The Florida case involves a dispute over whether Florida's Supreme Court violated the US Constitution when it ruled that the state did not have to pay compensation to beachfront landowners adjacent to a beach restoration project.
At issue in Stop the Beach Renourishment, Inc. v. Florida Department of Environmental Protection, is the scope and enforceability of littoral rights. Littoral rights are the rights enjoyed by the owner of private property fronting a lake, bay, or sea.
Traditionally, littoral rights in Florida included the right to own land up to the edge of the rising tide. This boundary is the place where the high tide meets dry sand. Lawyers and land surveyors call it the mean high water line (MHWL).
The problem with beachfront property is that beaches are constantly either eroding or accreting. As a result, the MHWL is always moving landward or seaward. That means beachfront land is always either shrinking or expanding.
Littoral rights include a risk that erosion might diminish waterfront property. But they also include a potential benefit – that any accretion would accrue to the owner.
Beach restoration project
The current case arose in 2003 when Florida officials proposed a beach nourishment program to pump new sand onto 6.9-miles of beach in and near the city of Destin in Florida's Panhandle region. State officials said the beach had been hit hard by a string of hurricanes and tropical storms.
Landowners disagreed. They said the beach had not eroded to critical levels.
Amid the dispute, Florida officials invoked the state Beach and Shore Preservation Act, which allows state officials under certain circumstances to change the boundary between submerged public lands and private waterfront property. Instead of using the MHWL as the property line, the state established a new boundary called the Erosion Control Line (ECL).
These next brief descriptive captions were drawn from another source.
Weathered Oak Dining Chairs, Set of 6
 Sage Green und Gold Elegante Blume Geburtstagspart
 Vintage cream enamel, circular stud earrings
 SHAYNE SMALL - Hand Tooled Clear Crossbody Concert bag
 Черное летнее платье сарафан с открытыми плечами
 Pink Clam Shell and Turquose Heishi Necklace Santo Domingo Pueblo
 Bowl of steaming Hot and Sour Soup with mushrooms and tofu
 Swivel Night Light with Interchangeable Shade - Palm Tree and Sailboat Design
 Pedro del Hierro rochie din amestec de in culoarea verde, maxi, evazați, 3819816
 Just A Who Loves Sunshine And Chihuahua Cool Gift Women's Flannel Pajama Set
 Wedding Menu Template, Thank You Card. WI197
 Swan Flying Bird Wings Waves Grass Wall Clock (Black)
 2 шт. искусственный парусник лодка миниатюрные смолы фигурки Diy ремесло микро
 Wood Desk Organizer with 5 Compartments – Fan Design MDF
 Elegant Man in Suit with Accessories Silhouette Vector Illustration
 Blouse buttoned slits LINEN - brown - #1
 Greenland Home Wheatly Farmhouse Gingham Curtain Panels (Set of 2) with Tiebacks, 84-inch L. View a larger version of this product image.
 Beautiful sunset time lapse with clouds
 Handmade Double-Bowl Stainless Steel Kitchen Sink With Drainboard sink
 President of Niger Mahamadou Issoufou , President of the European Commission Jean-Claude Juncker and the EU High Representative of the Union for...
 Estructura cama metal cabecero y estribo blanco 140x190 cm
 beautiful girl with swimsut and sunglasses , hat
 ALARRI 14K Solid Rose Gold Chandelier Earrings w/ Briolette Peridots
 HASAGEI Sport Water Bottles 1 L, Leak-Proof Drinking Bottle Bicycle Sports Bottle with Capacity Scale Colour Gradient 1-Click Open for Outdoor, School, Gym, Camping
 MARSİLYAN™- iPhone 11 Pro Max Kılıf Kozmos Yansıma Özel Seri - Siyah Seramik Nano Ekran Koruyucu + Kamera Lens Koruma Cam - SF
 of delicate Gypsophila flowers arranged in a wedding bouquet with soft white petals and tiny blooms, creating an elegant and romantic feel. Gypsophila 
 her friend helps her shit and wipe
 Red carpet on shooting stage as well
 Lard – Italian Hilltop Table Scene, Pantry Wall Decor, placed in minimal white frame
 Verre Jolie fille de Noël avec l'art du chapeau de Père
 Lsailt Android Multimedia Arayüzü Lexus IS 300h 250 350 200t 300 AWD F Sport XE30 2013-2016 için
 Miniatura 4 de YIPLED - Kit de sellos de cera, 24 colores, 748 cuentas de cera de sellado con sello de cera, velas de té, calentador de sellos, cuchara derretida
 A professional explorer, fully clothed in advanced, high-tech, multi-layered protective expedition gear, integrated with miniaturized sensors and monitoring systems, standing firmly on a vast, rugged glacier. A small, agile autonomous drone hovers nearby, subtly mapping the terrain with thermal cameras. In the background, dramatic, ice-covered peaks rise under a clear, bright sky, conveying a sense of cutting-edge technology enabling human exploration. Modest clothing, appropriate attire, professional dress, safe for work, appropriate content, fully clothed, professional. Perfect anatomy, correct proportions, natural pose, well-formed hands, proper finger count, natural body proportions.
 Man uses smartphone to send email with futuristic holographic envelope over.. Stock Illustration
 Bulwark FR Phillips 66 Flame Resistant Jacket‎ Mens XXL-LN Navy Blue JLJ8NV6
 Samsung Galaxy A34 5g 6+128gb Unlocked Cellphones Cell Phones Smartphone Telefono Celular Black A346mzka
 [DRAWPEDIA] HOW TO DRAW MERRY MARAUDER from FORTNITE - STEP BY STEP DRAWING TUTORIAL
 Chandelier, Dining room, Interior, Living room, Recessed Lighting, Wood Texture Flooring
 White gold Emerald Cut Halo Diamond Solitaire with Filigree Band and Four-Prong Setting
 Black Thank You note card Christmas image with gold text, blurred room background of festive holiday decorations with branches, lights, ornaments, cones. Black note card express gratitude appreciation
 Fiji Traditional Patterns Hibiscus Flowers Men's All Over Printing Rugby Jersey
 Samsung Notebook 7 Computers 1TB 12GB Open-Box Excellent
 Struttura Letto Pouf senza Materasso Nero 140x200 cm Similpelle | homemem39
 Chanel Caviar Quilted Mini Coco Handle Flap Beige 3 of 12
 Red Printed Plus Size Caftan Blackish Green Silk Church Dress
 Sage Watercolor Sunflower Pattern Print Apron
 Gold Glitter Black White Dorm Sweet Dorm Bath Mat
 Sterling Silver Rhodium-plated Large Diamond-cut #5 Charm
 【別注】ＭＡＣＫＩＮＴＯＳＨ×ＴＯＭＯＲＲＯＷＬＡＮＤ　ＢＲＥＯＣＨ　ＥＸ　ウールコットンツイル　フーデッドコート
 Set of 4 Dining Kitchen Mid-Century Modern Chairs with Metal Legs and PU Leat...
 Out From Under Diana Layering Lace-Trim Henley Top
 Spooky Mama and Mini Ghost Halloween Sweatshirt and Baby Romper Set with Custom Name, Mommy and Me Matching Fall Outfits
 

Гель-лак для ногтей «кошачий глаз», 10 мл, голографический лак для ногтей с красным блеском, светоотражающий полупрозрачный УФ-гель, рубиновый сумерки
Unlike the transitory MHWL, this is a fixed boundary based on beach measurements made immediately prior to pumping tons of new sand onto the beach.
Once the ECL is established, all sand pumped on the seaward side of the line comprises state-owned land under the Florida law. In the process, beachfront landowners lose their right to claim any accreted land seaward and their property is no longer in direct contact with the sea.
Complaints of demoting property
Lawyers for the landowners argue that by setting the new fixed boundary the state effectively demoted their clients' waterfront property into mere waterview property.